*TASK ITEM*.
Work through the data below line by line and say how many lines hold "with"; give only the number.

-------- MATERIAL FOR THE TASK --------

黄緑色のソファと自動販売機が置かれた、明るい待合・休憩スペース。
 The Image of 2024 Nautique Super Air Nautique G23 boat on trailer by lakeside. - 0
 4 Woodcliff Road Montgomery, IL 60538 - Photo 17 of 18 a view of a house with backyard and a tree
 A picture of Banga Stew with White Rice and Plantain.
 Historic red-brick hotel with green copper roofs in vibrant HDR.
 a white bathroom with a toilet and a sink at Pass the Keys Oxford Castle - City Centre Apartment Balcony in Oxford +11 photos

--------

*FINISHED TASK*.
4